**About this exercise**
Your task is to copy the listing exactly, with the pictures left out.

**Supplied data**

+ + +

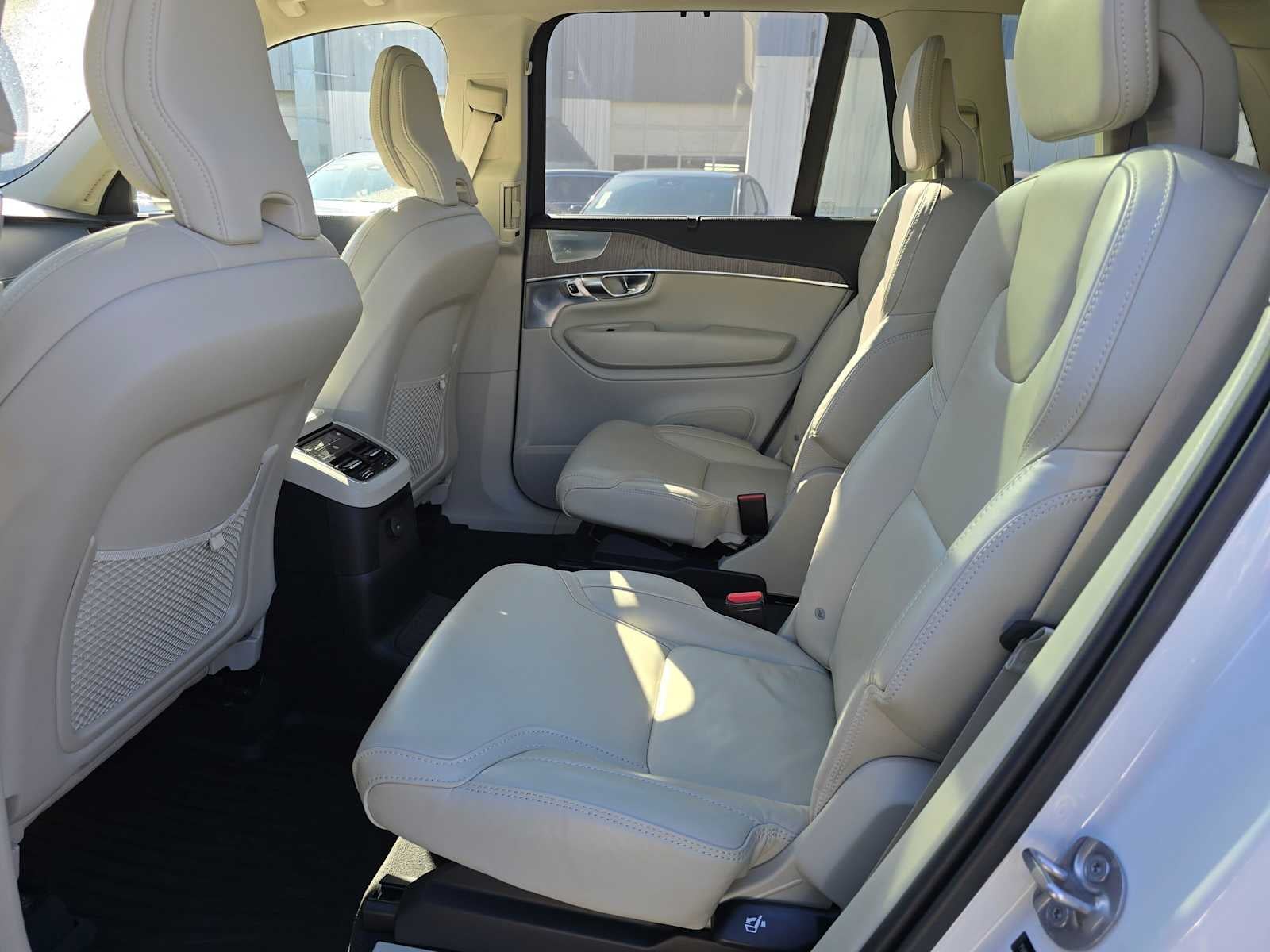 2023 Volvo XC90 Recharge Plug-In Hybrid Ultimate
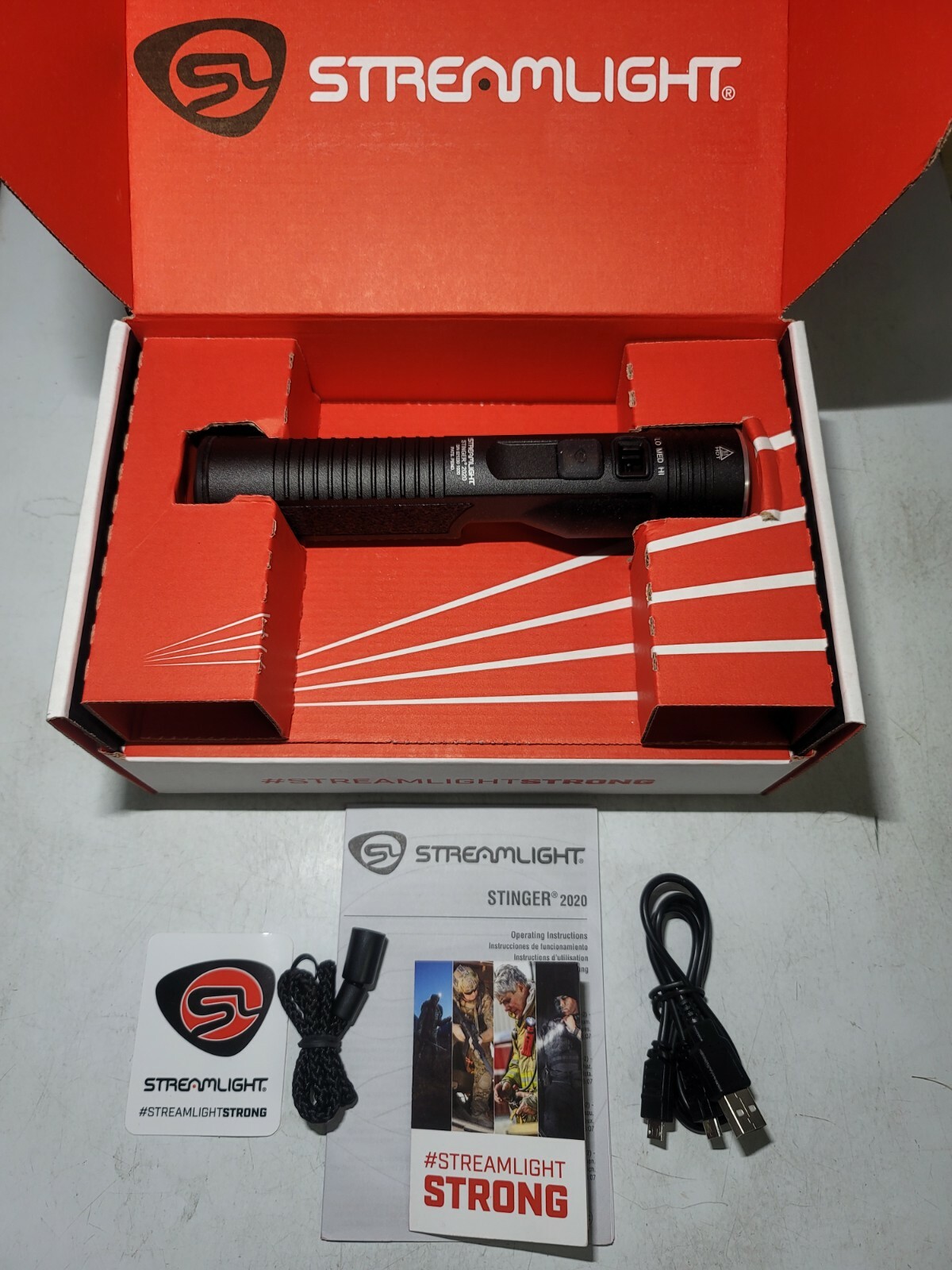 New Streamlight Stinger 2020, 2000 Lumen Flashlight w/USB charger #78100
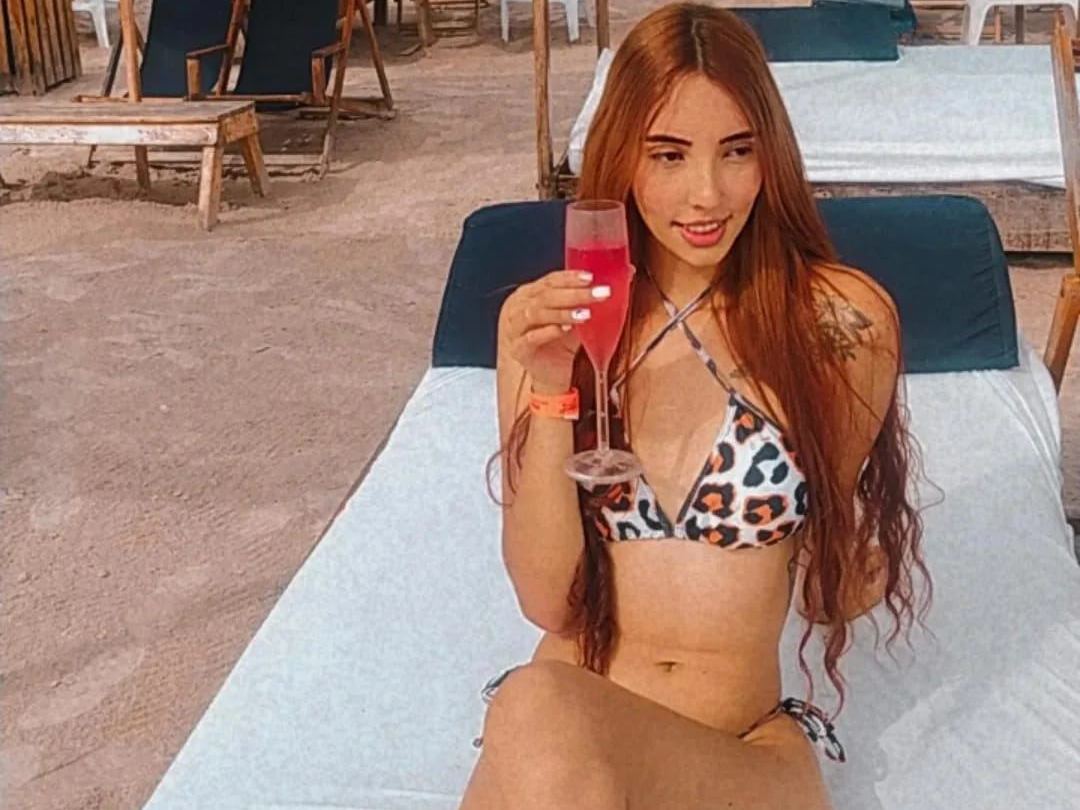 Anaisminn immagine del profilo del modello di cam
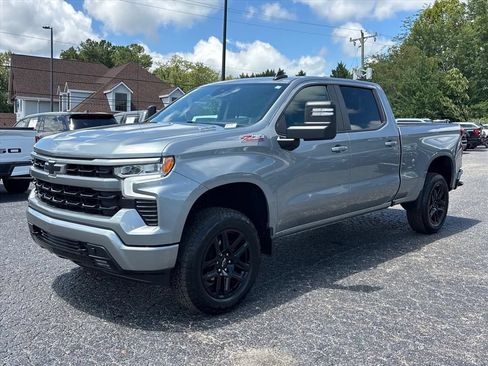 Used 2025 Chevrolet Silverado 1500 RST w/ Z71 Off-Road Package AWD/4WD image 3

+ + +

**Response**
 2023 Volvo XC90 Recharge Plug-In Hybrid Ultimate
 New Streamlight Stinger 2020, 2000 Lumen Flashlight w/USB charger #78100
 Anaisminn immagine del profilo del modello di cam
 Used 2025 Chevrolet Silverado 1500 RST w/ Z71 Off-Road Package AWD/4WD image 3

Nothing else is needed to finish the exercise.